The LOGIIC (Linking the Oil and Gas Industry to Improve Cybersecurity) program has completed Project 12 testing for safety instrumentation and management assets. The project was carried out to review and study cybersecurity issues in industrial control systems (ICS) that impact safety and business performance related to the oil and gas (O&G) sector.
The project sought to detect vulnerabilities in safety instruments used within the safety system architectures typically found in the O&G sector, according to the project report. It also set out to make recommendations for security design alternatives and configurations that can mitigate the exploitation of found vulnerabilities.
Project 12 testing is an upgrade of Project 11 that focused on safety controllers, engineering workstations (EWSs), and human-machine interface (HMI) components within various vendors’ safety system offerings. The project sought to generally assess whether different safety system configurations had inherent risks rather than uncovering specific vulnerabilities in specific vendor products.
These instrumentation devices include items such as transmitters from fire and gas detection analyzers, pressure sensors, solenoids and positioners. They typically communicate with distributed control systems (DCS) and safety instrumented systems (SIS) using a non-IP-based communication protocol called Highway Addressable Remote Transducer (HART) communication.
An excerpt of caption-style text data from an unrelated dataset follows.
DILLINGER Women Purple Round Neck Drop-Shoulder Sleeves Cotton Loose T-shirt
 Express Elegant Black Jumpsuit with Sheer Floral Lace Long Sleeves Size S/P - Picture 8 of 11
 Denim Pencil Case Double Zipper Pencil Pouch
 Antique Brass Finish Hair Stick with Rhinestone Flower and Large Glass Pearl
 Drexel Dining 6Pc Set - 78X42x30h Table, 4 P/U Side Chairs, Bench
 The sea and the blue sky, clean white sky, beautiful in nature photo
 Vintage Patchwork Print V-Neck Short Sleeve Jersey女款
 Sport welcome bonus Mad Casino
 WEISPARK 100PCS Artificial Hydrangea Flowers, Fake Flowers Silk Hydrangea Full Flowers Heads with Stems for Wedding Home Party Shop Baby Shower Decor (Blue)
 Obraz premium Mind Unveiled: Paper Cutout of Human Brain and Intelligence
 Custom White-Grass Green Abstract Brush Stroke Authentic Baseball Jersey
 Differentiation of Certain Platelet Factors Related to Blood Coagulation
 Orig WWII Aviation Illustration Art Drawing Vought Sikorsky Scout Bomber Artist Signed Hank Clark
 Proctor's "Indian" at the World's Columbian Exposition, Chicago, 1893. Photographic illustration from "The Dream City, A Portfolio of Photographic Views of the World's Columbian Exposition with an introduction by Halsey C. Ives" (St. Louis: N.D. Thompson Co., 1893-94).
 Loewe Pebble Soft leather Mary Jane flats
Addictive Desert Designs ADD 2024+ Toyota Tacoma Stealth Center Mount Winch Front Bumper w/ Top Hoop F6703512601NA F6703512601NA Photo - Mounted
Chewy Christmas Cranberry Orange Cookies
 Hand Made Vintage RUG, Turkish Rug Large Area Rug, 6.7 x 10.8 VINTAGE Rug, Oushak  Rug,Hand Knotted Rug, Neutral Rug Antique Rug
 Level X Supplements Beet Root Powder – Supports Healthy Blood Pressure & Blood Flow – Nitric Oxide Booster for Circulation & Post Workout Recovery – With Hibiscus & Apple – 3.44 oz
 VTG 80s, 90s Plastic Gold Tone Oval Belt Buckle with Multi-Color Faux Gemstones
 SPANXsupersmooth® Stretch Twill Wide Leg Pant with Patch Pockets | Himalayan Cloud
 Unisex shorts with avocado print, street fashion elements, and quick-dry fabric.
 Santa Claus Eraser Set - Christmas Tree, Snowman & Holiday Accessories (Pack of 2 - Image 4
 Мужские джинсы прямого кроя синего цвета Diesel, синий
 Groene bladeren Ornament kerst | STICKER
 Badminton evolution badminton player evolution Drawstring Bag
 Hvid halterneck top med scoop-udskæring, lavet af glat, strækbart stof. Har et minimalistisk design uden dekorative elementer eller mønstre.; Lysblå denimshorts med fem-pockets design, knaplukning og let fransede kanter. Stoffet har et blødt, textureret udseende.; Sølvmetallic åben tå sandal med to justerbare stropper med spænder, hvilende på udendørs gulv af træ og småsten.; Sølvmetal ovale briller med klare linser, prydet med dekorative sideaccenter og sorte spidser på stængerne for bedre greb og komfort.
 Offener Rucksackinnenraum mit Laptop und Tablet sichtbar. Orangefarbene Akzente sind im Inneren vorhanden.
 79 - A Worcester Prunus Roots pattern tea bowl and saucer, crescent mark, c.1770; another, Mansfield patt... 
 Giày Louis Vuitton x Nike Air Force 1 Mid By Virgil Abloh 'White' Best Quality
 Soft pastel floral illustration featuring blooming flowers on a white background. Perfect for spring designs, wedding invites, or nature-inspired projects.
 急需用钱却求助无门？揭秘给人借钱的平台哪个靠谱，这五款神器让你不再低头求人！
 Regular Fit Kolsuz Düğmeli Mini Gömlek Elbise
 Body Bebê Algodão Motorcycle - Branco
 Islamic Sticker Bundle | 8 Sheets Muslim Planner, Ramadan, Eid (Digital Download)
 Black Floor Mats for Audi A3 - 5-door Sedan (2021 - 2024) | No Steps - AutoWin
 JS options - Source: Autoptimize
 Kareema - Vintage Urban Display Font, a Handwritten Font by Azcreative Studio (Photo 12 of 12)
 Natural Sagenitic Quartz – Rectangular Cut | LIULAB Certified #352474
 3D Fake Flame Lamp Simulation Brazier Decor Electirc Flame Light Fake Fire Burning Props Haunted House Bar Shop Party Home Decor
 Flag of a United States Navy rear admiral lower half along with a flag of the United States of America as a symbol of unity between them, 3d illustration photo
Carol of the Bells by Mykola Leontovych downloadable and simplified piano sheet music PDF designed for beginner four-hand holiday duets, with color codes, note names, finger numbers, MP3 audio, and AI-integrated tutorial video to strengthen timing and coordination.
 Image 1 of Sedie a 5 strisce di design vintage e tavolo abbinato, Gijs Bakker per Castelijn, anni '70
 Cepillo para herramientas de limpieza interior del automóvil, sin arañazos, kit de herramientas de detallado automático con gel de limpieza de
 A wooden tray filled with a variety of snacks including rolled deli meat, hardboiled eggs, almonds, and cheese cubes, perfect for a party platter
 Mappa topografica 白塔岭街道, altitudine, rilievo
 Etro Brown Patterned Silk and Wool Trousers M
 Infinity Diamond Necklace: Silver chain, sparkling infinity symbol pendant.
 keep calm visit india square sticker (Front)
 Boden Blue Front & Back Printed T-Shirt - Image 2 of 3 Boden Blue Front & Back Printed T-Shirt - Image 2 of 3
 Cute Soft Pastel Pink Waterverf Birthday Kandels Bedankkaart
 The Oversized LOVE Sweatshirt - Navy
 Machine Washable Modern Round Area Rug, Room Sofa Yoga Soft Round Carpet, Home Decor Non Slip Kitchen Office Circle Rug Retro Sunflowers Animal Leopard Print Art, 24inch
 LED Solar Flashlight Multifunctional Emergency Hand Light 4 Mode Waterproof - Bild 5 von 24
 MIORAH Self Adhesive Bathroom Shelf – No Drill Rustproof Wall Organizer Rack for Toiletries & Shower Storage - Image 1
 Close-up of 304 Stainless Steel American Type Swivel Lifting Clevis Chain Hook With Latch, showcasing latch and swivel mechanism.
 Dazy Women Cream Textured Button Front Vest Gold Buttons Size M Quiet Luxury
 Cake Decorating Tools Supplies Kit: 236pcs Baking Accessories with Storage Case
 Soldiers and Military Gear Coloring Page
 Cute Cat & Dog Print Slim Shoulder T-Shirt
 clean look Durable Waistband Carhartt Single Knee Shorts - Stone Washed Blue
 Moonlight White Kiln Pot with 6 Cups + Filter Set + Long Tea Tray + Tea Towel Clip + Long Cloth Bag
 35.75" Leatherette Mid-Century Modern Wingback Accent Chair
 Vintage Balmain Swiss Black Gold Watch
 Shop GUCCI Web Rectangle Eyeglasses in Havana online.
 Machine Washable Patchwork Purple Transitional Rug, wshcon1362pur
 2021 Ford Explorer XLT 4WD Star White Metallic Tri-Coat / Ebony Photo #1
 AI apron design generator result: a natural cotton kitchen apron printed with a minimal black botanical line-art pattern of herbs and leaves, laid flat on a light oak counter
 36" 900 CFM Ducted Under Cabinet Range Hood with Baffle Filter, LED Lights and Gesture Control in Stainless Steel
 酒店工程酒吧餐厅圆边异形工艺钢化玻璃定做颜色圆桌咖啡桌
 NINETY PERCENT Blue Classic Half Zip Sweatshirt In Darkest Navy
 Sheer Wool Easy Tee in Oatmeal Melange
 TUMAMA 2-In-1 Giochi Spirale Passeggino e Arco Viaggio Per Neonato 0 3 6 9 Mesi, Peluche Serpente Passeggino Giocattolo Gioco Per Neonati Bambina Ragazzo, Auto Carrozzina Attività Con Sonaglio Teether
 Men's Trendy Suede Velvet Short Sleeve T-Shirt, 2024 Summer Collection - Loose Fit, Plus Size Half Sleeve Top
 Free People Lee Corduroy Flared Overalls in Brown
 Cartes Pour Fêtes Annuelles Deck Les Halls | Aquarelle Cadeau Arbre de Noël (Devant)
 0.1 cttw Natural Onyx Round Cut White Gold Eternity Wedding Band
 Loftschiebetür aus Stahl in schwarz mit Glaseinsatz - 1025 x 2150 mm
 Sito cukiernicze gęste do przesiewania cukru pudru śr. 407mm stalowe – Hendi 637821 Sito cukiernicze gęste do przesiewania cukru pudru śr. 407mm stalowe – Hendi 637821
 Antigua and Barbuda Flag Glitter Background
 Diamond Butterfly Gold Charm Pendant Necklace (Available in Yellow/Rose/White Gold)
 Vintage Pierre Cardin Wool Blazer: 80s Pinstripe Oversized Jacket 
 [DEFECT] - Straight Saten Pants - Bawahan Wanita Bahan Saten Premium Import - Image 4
The LOGIIC program tested four instances of each reference architecture using a representative set of vendor products in the various categories, including safety instrumented systems (SISs), instrument management systems (IMSs) or asset management system (AMSs), transmitters, fire detectors, gas detectors, and smart valve positioners, the report said.
The LOGIIC program is an ongoing collaboration of the U.S. Department of Homeland Security, Science and Technology (S&T) Directorate with oil and natural gas companies. It takes up collaborative research and development projects to improve the level of cybersecurity in critical systems of interest to the oil and natural gas sector. The program aims to promote the interests of the sector, while maintaining impartiality, independence of the participants, and vendor neutrality.
Current members of LOGIIC include BP, Chevron, ConocoPhillips, Shell, Total, and other oil and gas companies that operate significant global energy infrastructure.
Project 12 testing focused on data flow, stability, connectivity, security controls, and architectural and configuration vulnerabilities, the project report said. It sought to learn how attackers, using the IMS/AMS platform as an attack launch point, could modify device configurations to create unsafe conditions. Alternate platforms were out of scope for assessments with one exception – determining if IMS/AMS-to-SIS communications could be hijacked from a network-connected device, it added.
The IMS/AMS communicates with field devices using the HART protocol and Ethernet communications. Attacks based on physical access to instruments during the architecture assessment were out of scope. However, the detailed instrument assessment was conducted with physical access.
A representative set of vendor products included SISs, IMSs or AMSs, transmitters, fire detectors, gas detectors, and smart valve positioners. A single representative HART Multiplexor (MUX) was used, while supply chain attacks were in scope. All other products were out of scope for this project. A multiplexor device selects between several analog or digital input signals and forwards the selected input to a single output line.
Project 12 testing also revealed numerous consequential and recurring exploitable weaknesses across individual assessments that indicate a systemic and pervasive industry-wide problem.
Industrial cybersecurity firm Dragos worked with LOGIIC to examine potential physical sensor issues that can be used and abused in real-world facility environments, and made some discoveries.
“We’ve found situations where it is possible to disable sensors, to manipulate sensor signals to prevent safety activation, and even to lock legitimate operators out of devices,” Dragos said in a blog post. “But these discoveries are just the start—the goal is not to scare the industry but to help it get better at securing these sensors and mitigating existing gaps.”
The LOGIIC report concludes that safety systems are vulnerable to “malicious attacks and that extreme caution should be taken before introducing any software or hardware, including device type managers (DTMs), which could introduce malware into the process control network (PCN). Safety system owners should immediately verify the pedigree and integrity of all DTMs currently in use. We cannot sufficiently emphasize the severity of this vulnerability to end-users.”
Last month, researchers from DeNexus discovered around three campaigns in the wild that are adopting the same or matching spear-phishing email templates. The campaigns were first spotted during investigations of targeted attacks on the oil and gas supply chain industries in the Middle East.